(…) Over the past day and a half, some of the world’s very best and most knowledgeable scientists and most influential leaders in both the public and private sectors have been here telling us about inspiring efforts that are underway to address various challenges of our ocean, and importantly not just defining the challenges but laying out the solutions, the things we know we can do. (…) It’s really a question of, “How do we find the political will? How do we get people to move – to sometimes move back very vested, powerful interests that like the status quo because change means reinvesting or changing the way you do business, even though in the long run it will save everybody a lot of money and a lot of grief?”

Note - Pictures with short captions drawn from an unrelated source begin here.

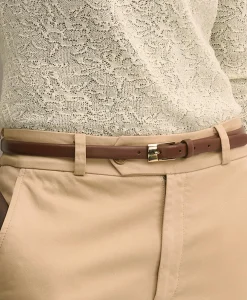 B-Low the Belt Pierre Mini Belt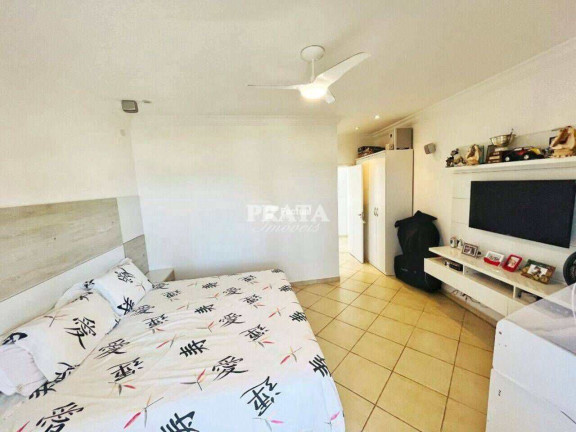 Imagem Casa com 6 Quartos à Venda, 300 m² em Enseada - Guarujá Imagem Casa com 6 Quartos à Venda, 300 m² em Enseada - Guarujá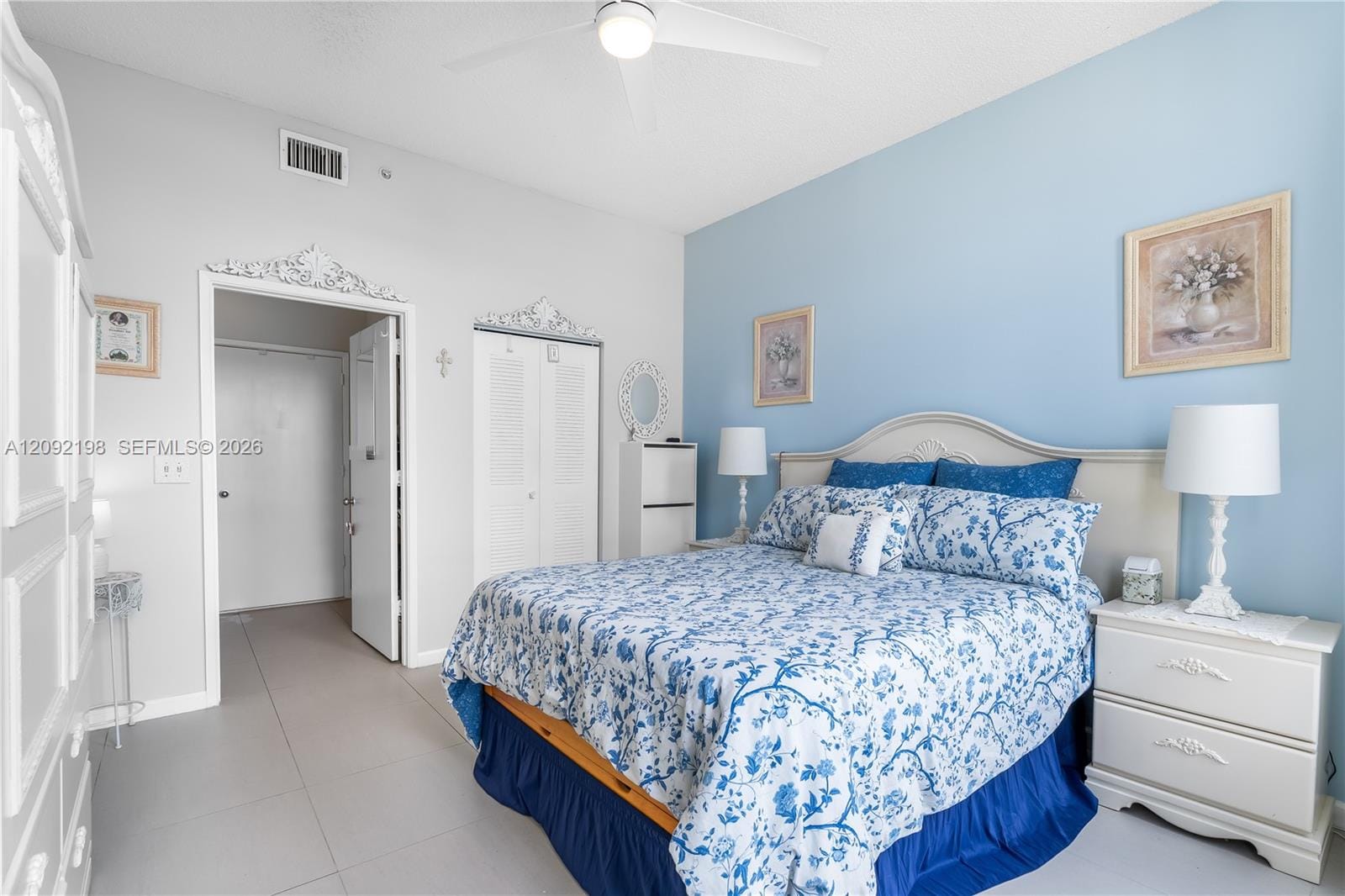 520 SE 5th Avenue 2713 — photo 7
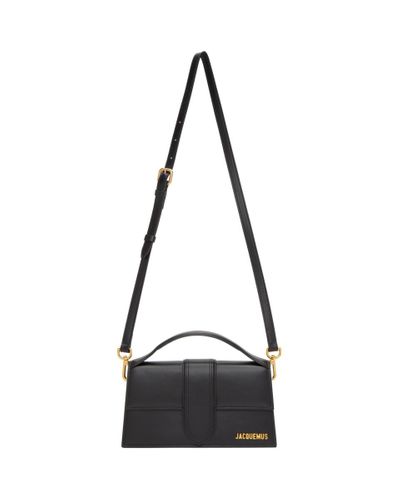 all black coach backpack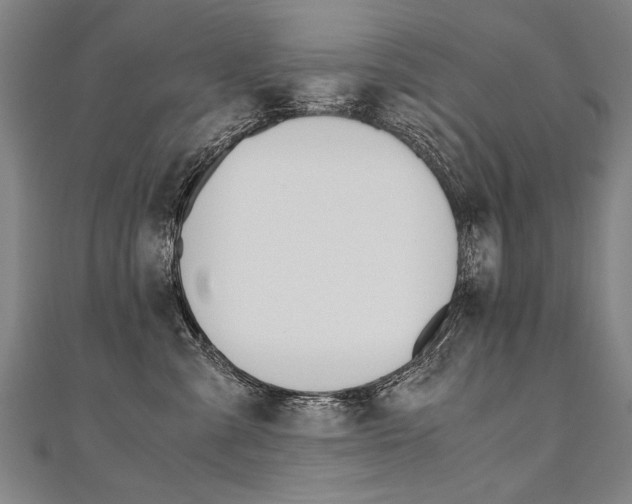 X0000110690427200906121100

(…) Yesterday I underscored the importance of research and science and getting the ocean policy right. That is especially true with respect to acidification. We need to know exactly where something is happening, what is happening, how fast it’s happening before we can actually make a decision about how to slow it down or what to do.
Now obviously more research is going to require more support. That’s why yesterday I announced $640,000 in a grant from the U.S. Government to the International Atomic Energy Agency’s Coordination Center on Acidification in Monaco. That money is part of nearly 2 million that the U.S. Department of State and Energy together will be contributing in order to support the IAEA’s ocean and marine projects.

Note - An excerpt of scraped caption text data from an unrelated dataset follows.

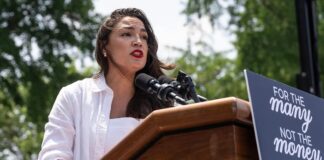 Представительская Демократия: Система, Созданная для Масштаба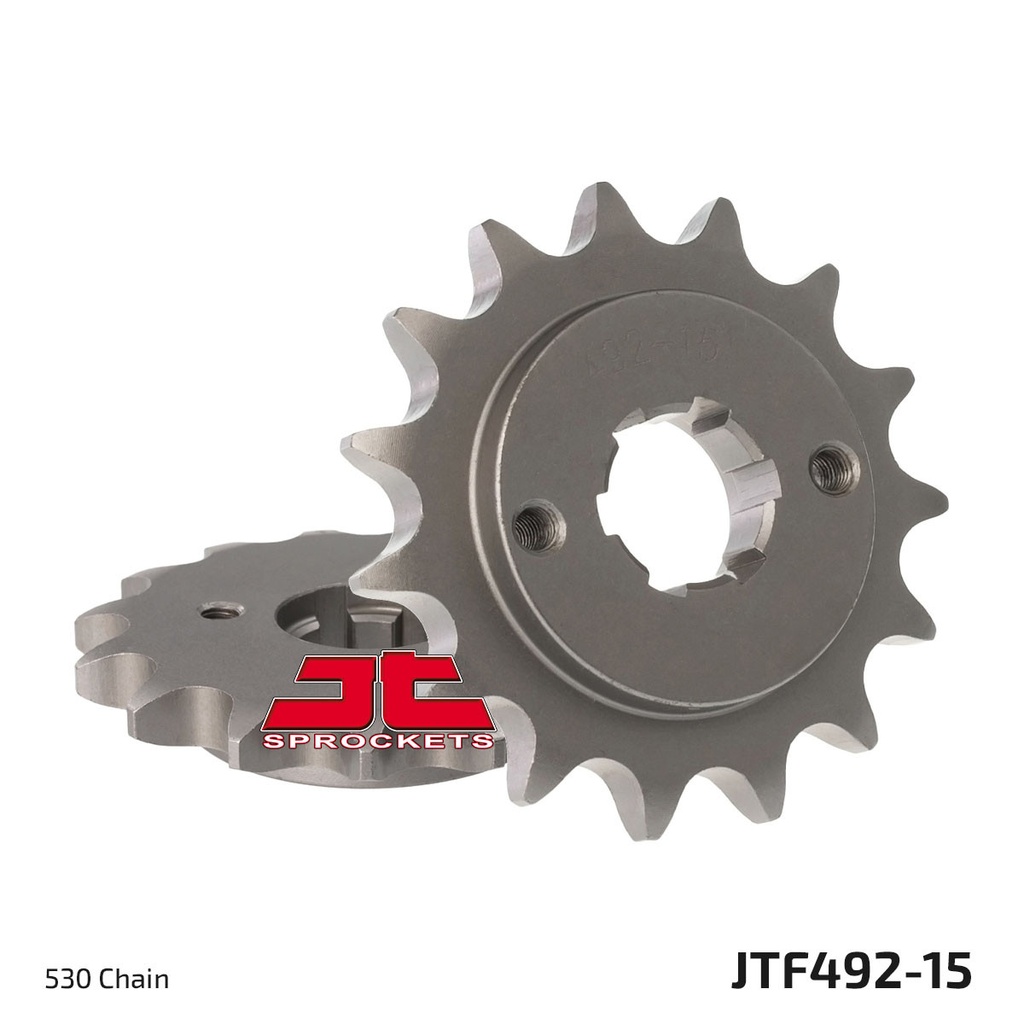 [JTF49215] Piñón JT Sprockets JTF JTF49215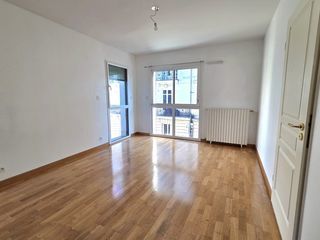  Appartement � vendre 5 pi�ces 154 m�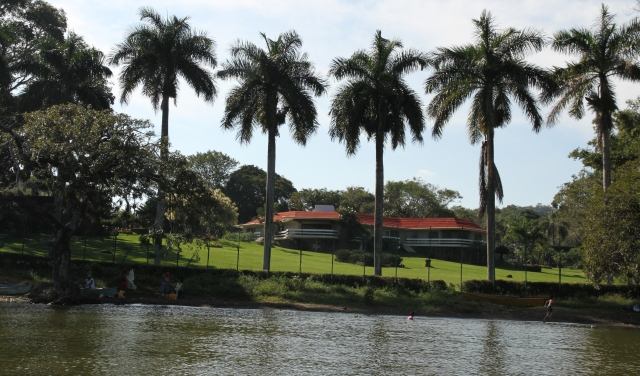 Catemaco veracruz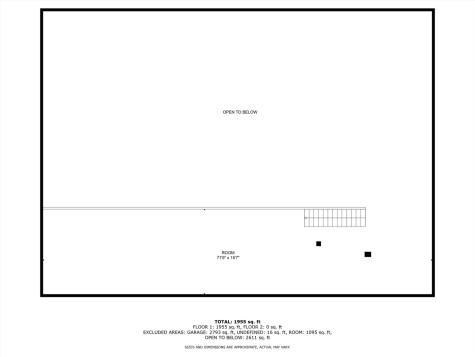 2920 159TH Street Markham IL 60428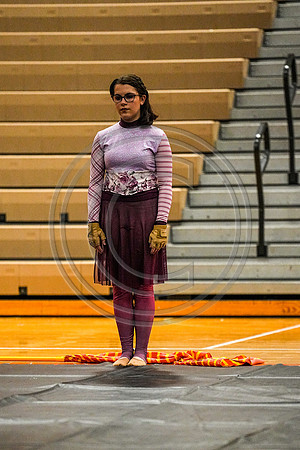 Coatesville Guard_220319_Perkiomen Valley-01862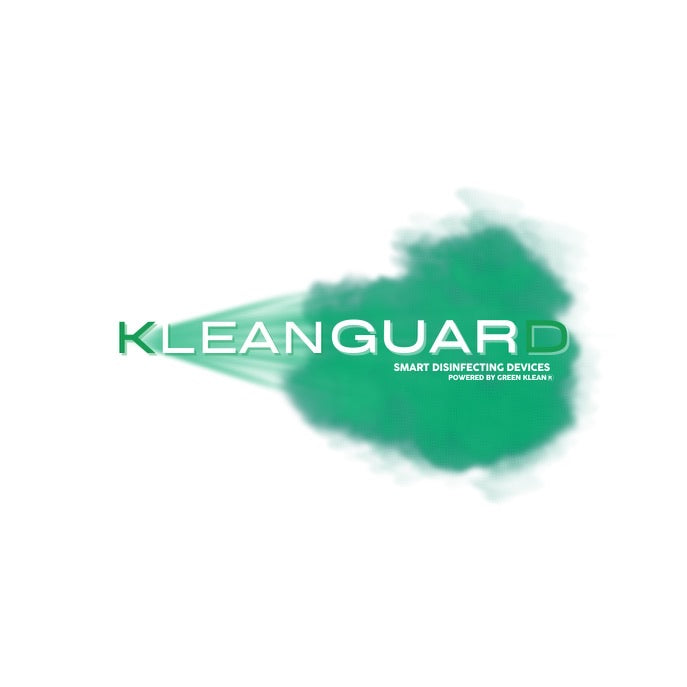 KleanGuard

On top of that, the U.S. National Oceanographic and Atmospheric Administration, NOAA, will be contributing more than $9 million over the next three years to the Global Ocean Acidification Observing Network, so it can better monitor acidification around the world. And these investments will directly improve our understanding of the ocean, which in turn will improve our ability to be able to protect it.
Now that is a return on investment, and I can certainly imagine that all of you would support that kind of basic return on investment. I hope others around the world will contribute in a similar manner. Now that’s just some of what we’re planning to do here in the United States. But as President Obama made clear this morning, we’re really just getting started. I’ve been in this job now for a little over a year. It took us a period of time to plan this, but I hope we build some momentum out of here, and we will have more to announce, I promise you, in the near future.